Field Notes: Information foraging
The question.
How do we, as publishers, adapt to information ecosystems as they are so that we can provide useful information and maximize people's information gain in a world full of alternatives?
Why this matters.
We are all "informavores,” constantly foraging for useful information in the way that animals seek food, as described in the October 1999 Psychological Review article entitled "Information Foraging" by Peter Pirolli and Stuart K. Card of the Xerox Palo Alto Research Center.
In our search for useful information, we rely on certain cues, or “information scents,” to guide us.
The problem is that instead of a digital jungle with nutritious flora and fauna leaving conspicuous traces for us to follow to the feast, today's information environment is a supermarket of hyper-processed content and misinformation on which we easily binge, resulting in information fatigue and malnourishment.

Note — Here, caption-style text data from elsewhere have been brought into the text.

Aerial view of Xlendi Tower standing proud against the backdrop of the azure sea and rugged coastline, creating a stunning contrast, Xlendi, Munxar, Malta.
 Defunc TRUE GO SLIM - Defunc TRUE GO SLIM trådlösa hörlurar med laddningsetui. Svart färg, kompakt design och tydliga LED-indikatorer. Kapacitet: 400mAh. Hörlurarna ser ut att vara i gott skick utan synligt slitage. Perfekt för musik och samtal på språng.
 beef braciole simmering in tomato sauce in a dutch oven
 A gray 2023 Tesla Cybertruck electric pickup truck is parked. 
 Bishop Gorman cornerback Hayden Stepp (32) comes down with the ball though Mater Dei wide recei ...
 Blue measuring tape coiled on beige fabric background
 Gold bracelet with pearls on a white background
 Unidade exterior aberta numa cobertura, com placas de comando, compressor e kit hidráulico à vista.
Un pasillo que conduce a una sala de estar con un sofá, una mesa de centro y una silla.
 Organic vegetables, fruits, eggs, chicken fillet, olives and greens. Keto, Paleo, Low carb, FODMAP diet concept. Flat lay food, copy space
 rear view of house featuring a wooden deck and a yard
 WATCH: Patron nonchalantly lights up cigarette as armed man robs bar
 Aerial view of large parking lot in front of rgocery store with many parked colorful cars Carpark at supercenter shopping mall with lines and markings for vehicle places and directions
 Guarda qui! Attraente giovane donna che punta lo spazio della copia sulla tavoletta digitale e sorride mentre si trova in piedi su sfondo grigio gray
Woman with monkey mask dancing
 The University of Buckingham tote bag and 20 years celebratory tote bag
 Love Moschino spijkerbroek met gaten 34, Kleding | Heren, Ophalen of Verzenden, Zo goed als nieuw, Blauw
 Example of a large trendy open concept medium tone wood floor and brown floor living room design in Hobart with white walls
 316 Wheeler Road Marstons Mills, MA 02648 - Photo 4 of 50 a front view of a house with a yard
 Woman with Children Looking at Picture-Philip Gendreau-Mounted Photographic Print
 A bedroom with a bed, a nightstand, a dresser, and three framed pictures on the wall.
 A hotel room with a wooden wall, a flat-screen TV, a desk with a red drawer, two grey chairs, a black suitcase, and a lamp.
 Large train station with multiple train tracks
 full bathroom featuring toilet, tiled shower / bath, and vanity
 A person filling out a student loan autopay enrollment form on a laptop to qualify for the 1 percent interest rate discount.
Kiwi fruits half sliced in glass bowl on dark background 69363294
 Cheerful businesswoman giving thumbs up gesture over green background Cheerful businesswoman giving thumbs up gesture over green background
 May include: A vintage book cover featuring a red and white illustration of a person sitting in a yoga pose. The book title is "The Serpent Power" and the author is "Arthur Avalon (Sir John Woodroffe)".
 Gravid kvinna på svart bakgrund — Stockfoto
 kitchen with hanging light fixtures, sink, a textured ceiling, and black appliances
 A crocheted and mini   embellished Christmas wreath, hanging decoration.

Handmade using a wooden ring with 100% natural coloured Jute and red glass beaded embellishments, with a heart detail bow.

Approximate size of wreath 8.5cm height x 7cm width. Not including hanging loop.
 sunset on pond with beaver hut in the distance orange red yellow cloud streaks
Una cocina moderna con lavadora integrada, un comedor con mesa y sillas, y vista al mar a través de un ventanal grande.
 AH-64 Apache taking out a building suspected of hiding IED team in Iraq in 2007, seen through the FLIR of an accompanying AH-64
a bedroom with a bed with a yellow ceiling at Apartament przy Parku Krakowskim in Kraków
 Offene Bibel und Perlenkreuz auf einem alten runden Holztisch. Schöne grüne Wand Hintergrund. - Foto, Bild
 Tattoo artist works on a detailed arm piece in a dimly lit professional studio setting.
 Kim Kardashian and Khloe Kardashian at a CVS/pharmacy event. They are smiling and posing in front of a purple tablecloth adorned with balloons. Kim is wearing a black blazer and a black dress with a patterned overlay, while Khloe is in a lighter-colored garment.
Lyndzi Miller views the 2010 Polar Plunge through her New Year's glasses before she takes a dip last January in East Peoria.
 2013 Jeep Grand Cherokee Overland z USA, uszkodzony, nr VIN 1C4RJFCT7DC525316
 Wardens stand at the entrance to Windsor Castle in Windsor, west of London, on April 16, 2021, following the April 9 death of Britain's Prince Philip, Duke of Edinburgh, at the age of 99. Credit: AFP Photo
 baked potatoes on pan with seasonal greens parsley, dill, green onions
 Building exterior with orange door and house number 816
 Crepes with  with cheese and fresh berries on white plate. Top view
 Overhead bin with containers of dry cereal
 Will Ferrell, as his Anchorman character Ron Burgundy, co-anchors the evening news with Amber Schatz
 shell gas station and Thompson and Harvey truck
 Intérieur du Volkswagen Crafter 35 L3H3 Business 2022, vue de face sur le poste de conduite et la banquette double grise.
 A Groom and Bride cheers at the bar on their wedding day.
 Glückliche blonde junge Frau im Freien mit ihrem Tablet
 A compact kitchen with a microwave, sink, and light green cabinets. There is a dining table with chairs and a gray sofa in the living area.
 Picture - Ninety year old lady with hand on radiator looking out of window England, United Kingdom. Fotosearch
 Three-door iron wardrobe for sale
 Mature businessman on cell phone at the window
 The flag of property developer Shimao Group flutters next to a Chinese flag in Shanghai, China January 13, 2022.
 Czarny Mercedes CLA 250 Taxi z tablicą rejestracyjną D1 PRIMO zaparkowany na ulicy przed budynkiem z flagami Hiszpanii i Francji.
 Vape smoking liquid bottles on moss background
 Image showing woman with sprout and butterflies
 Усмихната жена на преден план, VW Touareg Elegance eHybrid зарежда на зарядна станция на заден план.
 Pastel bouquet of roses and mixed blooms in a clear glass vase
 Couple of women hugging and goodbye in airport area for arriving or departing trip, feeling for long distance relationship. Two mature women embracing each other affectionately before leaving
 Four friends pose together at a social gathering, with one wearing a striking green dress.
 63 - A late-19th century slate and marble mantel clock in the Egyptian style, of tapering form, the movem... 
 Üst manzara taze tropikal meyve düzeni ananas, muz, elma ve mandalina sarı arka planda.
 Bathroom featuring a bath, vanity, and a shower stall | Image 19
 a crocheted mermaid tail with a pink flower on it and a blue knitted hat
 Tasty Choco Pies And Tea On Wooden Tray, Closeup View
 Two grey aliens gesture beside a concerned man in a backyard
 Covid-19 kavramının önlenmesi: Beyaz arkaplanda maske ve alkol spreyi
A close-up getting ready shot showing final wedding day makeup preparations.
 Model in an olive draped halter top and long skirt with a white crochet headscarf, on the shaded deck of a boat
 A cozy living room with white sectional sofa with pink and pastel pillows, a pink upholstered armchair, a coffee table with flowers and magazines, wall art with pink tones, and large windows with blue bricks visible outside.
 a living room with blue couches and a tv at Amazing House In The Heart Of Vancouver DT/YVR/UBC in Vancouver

To serve the information needs of our intended audiences, we must work to design an information ecosystem that makes useful data worth foraging for.
What we're exploring.
We're reframing our service-oriented journalism around three information foraging concepts:
- Information scent: We're designing stronger, clearer supporting evidence and explanations of our fact-checking process right in the reporting. These cues reduce the perceived cost of investigating the information.
- Information patches: Recognizing that people are systematically excluded from traditional news "patches" (like paywalled sites), we are proactively creating new, accessible information patches tailored to their specific needs.
- Information diet: We are exploring distributing information through non-traditional, low-effort channels in the offline world, meeting people where they are, when they are a captive audience and are not actively seeking news. This approach is designed to make knowledge part of an effortless, high-yield information diet.
More questions for you.
- How can we make "information scent" more effective, so that someone’s initial skepticism leads to trust in the source?
- Which "information patches" are most effective for preventing drop-off, especially for people in distorted information environments?
- When Al is an intermediary, how do we ensure it prioritizes the highest-value information in its diet, rather than the most popular or commercially profitable content?